For my family of 4, we have 1 income earner in an industry and economy that is relatively stable. Expenses are well managed and we do have a fair amount of control over our variable expenses; however, we have some sizable fixed expenses. Overall we have a moderate risk tolerance. For our family we’ve decided that we would like to have 8 – 10 months of expenses in an emergency fund (primarily because we have just one earner). This is higher than what is generally discussed, but it’s right for our circumstances.
How to Invest an Emergency Fund
Once you have a sizable emergency fund, you’ll want to consider what type of return you’re getting without introducing unnecessary risk and/or restrictions. Here are the most common types of accounts for emergency fund money:
- Savings Account / Money Market Account – low interest, but very accessible and secure
- Rewards Checking – typically has minimum standards to achieve the “rewards” (i.e., direct deposit, automatic bill pay, minimum number of debt card transactions, etc.); you have to be disciplined such that you won’t miss the minimums and won’t tap into the emergency fund. The pros are that it’s very accessible, and I’ve found these currently pay better interest than the most alternatives.
- Certificate of Deposits (CD’s) – typically have terms (i.e., 1 year, 5 year, etc), which make them less liquid and generally there are penalties for early withdrawal; CD’s are still a safe investment and should pay better interest than money markets in the current market.
Be sure to check your local banks and credit unions for their rates as well. For example while my bank doesn’t currently offer the best CD rates I can find, their rewards checking pays 4.10% APY, which is about 2 – 3% better than most of the other options currently available. The key is to run searches online, talk to friends and family, and go with something local or a name with which you’re familiar.

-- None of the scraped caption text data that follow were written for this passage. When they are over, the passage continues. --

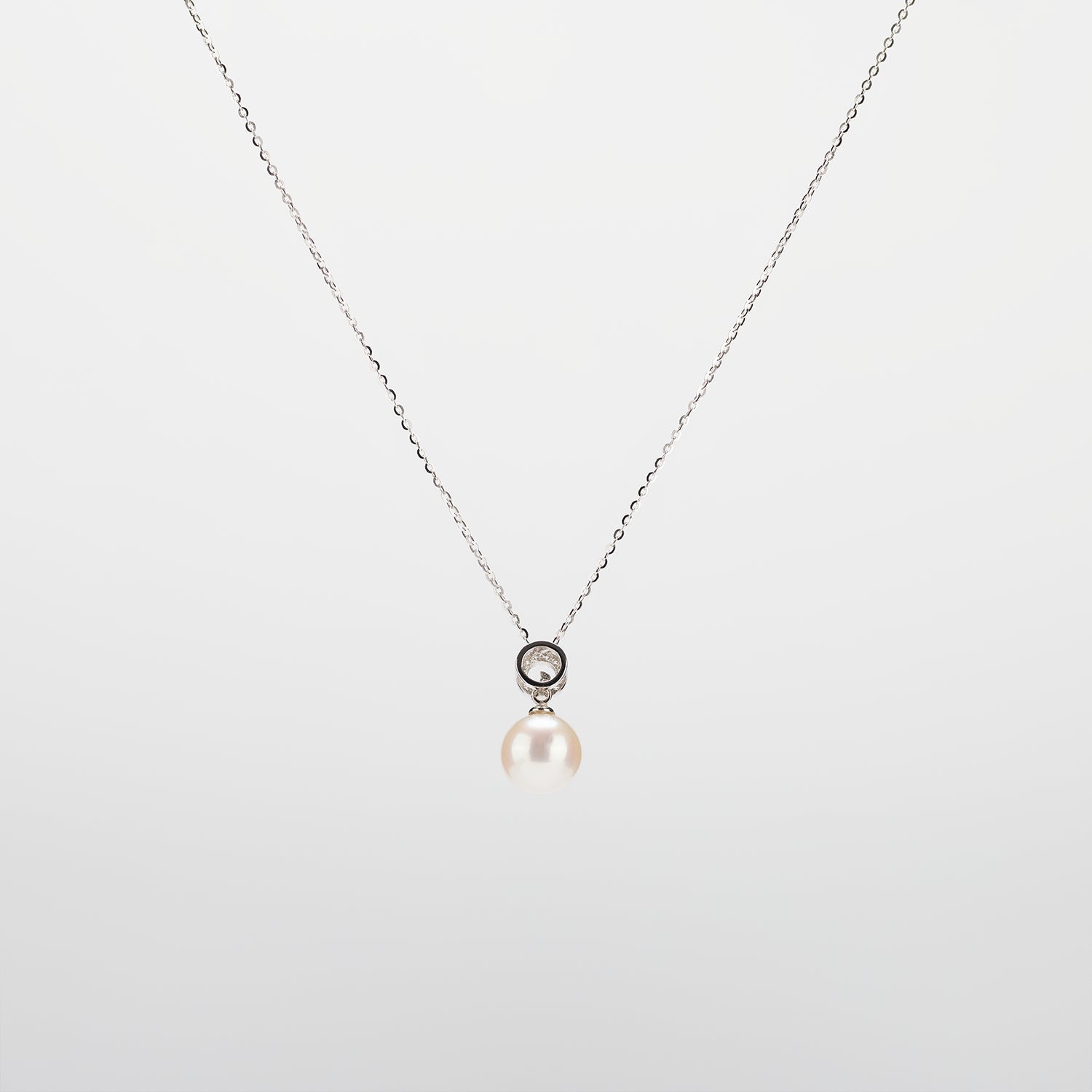 Pearl  pendant necklace on a white background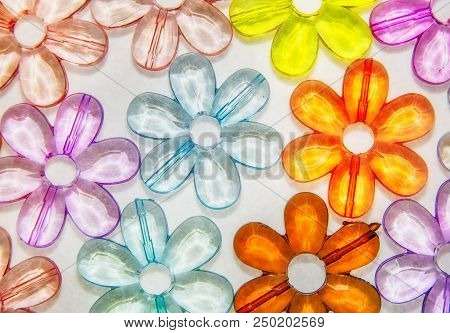 Colored Glass Transparent Flowers In A Colored Background On White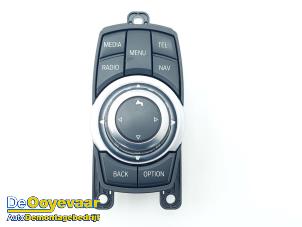 Used I-Drive knob BMW 1 serie (F20) 116i 1.6 16V Price € 49,99 Margin scheme offered by Autodemontagebedrijf De Ooyevaar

How My Emergency Fund is Invested
I recently just went through a process to evaluate the efficiency of how our emergency fund is invested (currently we have 7.5 months in emergency cash so we’ll need to add a little to it in order to get to our comfort zone). When we put our money into the emergency accounts – we “forget” about it and with time your expenses seem to grow and better investment alternatives may be available. It’s a good idea to give your emergency fund a once over annually.
This year, what I found is that with a few minor changes, we could be earning about 20% more in interest (just in the first year of the changes) without changing the basic risks or liquidity much.

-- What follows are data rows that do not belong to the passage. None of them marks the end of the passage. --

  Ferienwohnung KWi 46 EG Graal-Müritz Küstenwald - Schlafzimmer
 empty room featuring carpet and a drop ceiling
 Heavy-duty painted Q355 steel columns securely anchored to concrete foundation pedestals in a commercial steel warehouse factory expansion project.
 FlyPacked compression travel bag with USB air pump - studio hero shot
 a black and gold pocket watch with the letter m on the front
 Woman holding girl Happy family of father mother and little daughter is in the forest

In the graphs below the outside ring represents the amount invested and the inside ring represents the return. So you can see that the rewards checking (blue) represents half of our fund, but a much more substantial portion of our annual interest.
Just 2 simple changes were made: 1) We got a better money market account; it pays almost twice the interest as the one we previously had; and 2) Moved some of the money invested in Savings and the Money Market into CD’s. The CD’s pay a much higher rate than either Savings or Money Market, but they also come with small penalties for early withdrawal. We decided to incorporate CD’s because we still have more than 75% of our emergency fund in very liquid, easily accessible accounts and the penalty for withdrawal is not severe should we need to access the money invested in CD’s.